## WHAT THIS TASK INVOLVES
Only the pictures are to be omitted; every entry beneath should otherwise be duplicated exactly.

------ DATA EXTRACTS ------

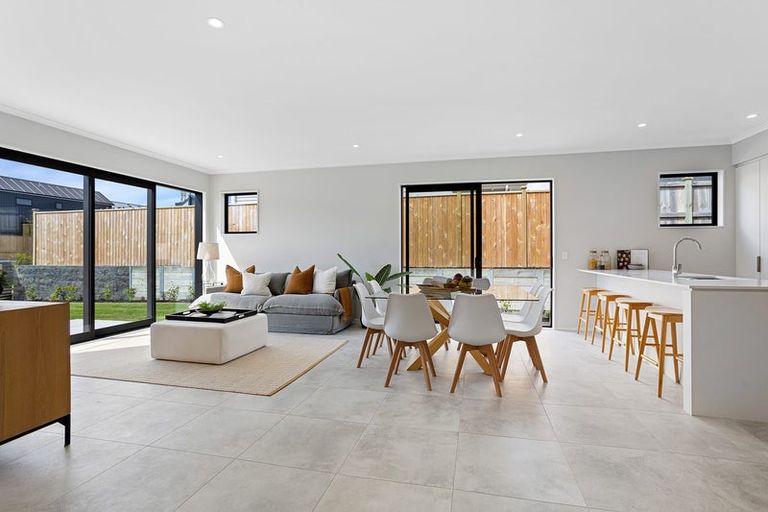 Photo of property in 21 Cambie Avenue, Red Beach, 0932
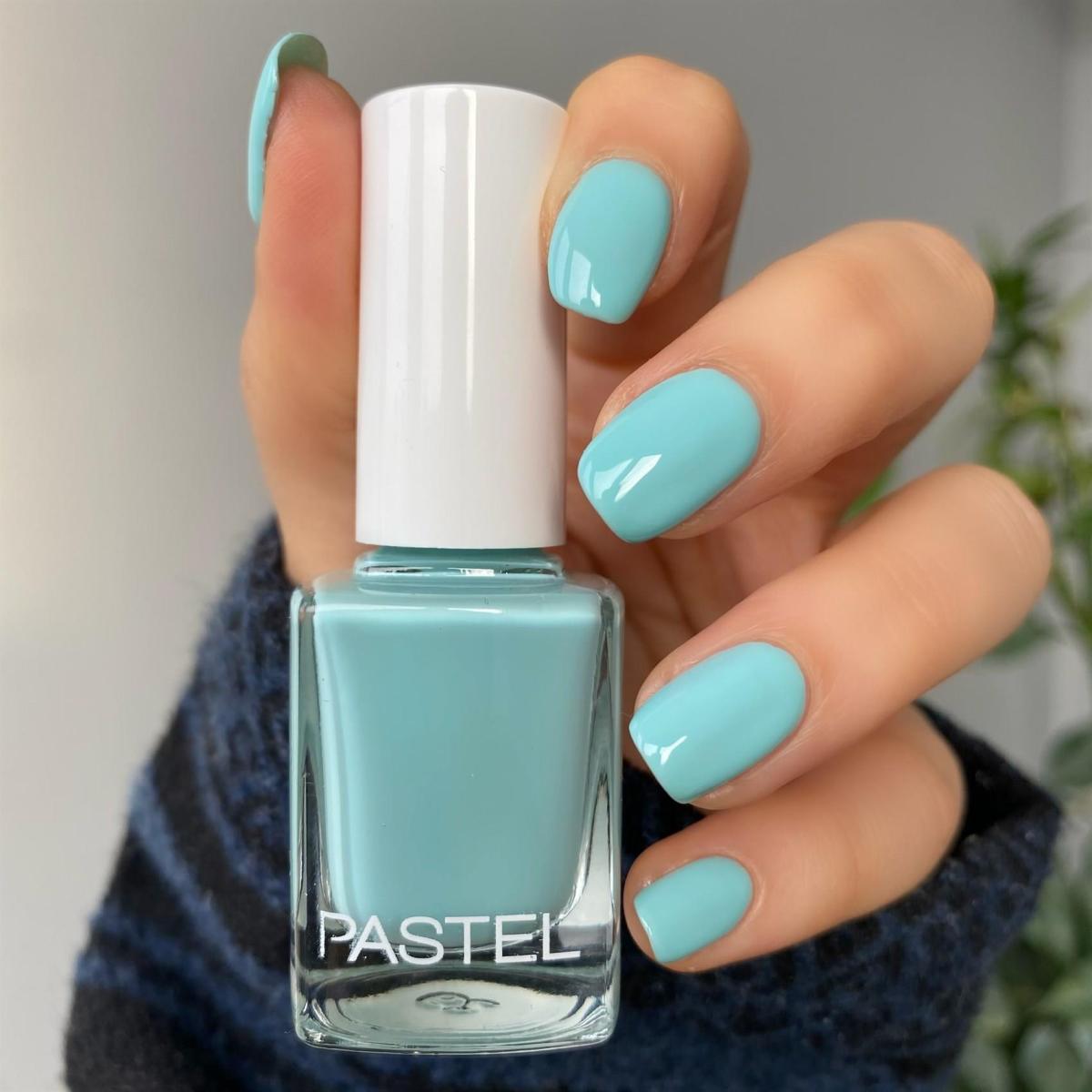 Pastel 313 Su Yeşili Parlak Oje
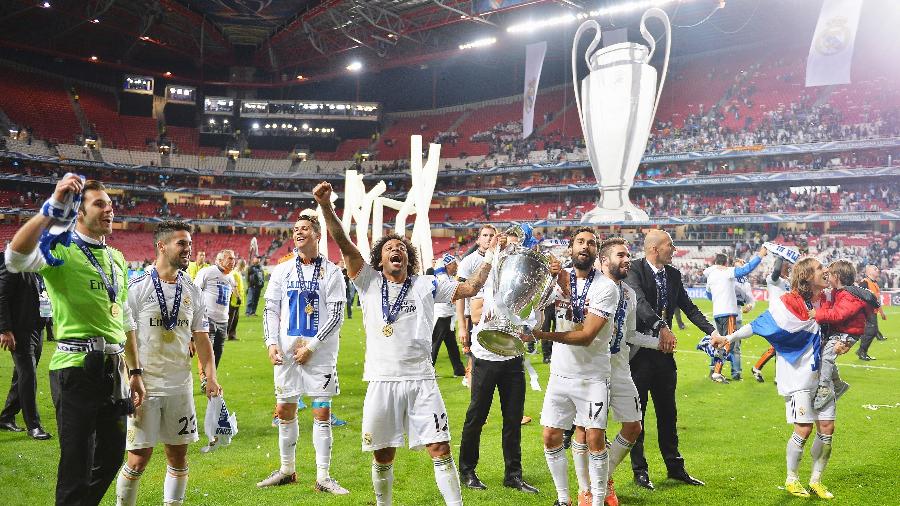 Jogadores do Real comemoram o título da Champions em 2014, tomando a taça que estava com o Bayern - Stuart Franklin - UEFA/UEFA via Getty Images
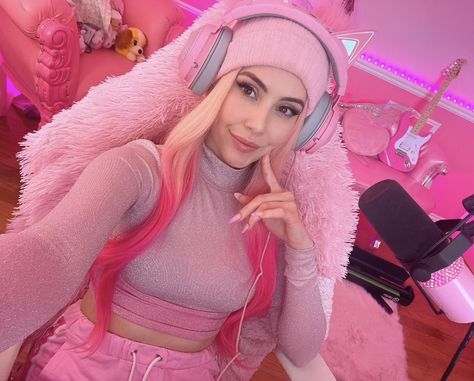 Leah Ashe, Pink Hair, Girly Things, Crop Tops, Hair Styles, Hair, Pink, Women's Top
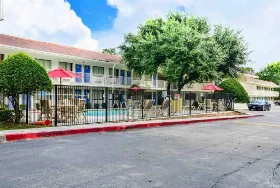 Photograph of Motel 6, Huntsville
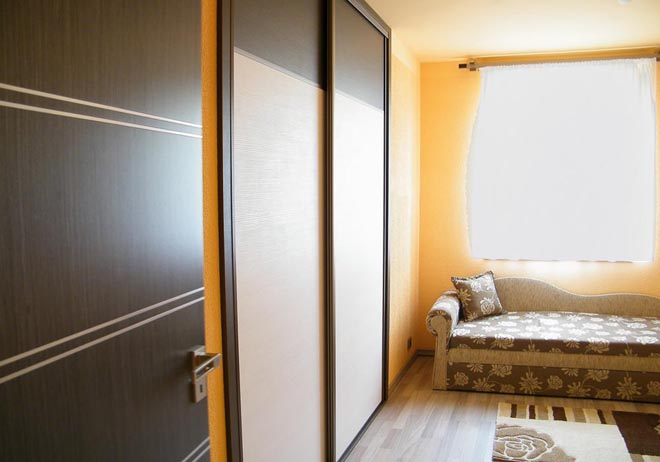 sk����n�� tmav�� d��evo woodline moca, pokoj
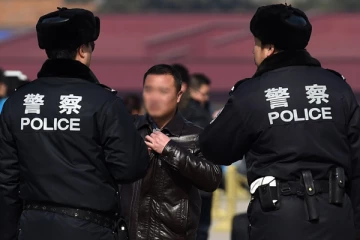 பொலிஸாருக்கு பயந்து 14 ஆண்டுகள் குகைவாசம் இருந்த நபர் - செய்திகளின் தொகுப்பு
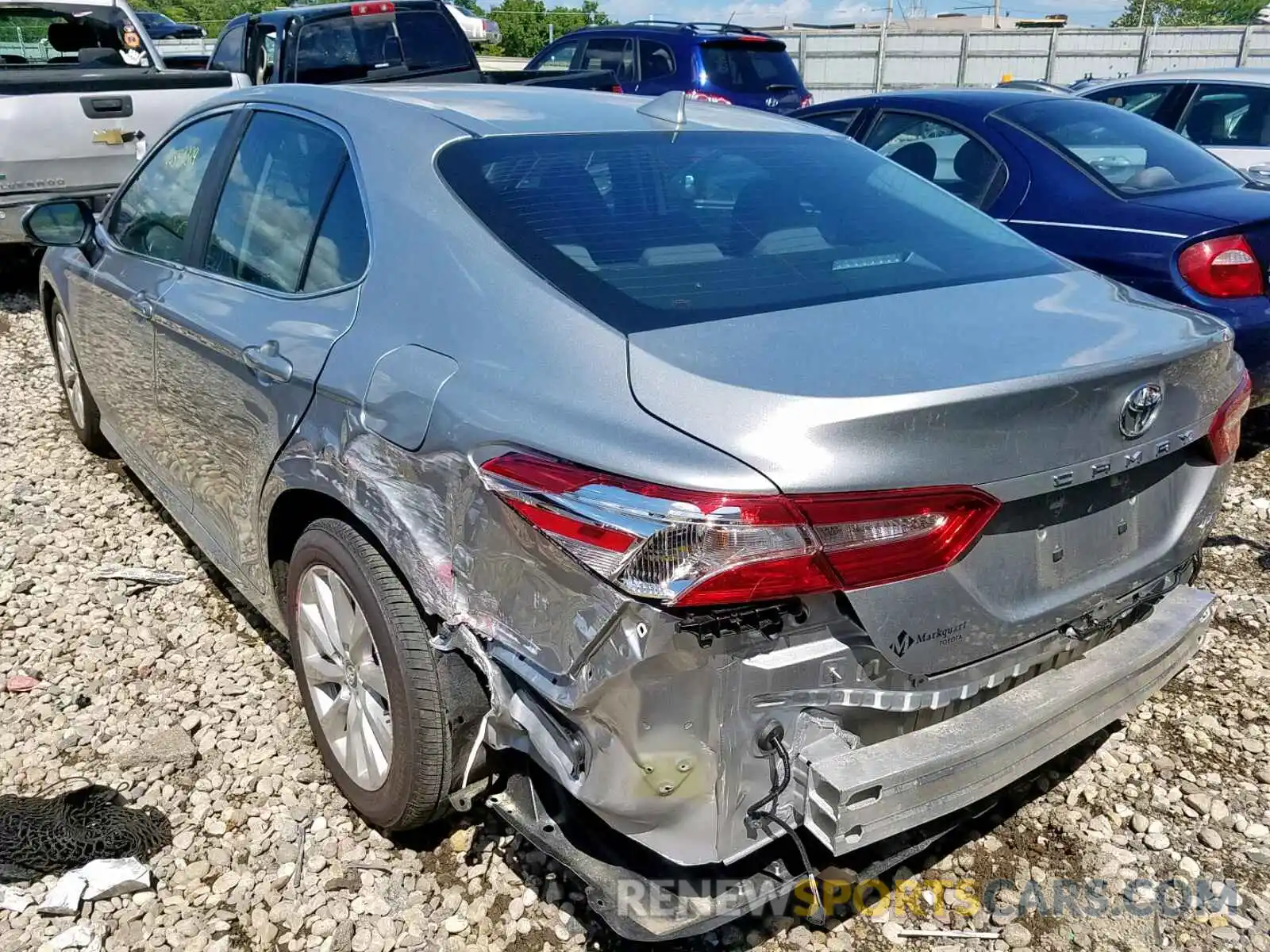 3 Photograph of a damaged car 4T1B11HK1KU744733 TOYOTA CAMRY 2019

------

## RESULT BELOW
 Photo of property in 21 Cambie Avenue, Red Beach, 0932
 Pastel 313 Su Yeşili Parlak Oje
 Jogadores do Real comemoram o título da Champions em 2014, tomando a taça que estava com o Bayern - Stuart Franklin - UEFA/UEFA via Getty Images
 Leah Ashe, Pink Hair, Girly Things, Crop Tops, Hair Styles, Hair, Pink, Women's Top
 Photograph of Motel 6, Huntsville
 sk����n�� tmav�� d��evo woodline moca, pokoj
 பொலிஸாருக்கு பயந்து 14 ஆண்டுகள் குகைவாசம் இருந்த நபர் - செய்திகளின் தொகுப்பு
 3 Photograph of a damaged car 4T1B11HK1KU744733 TOYOTA CAMRY 2019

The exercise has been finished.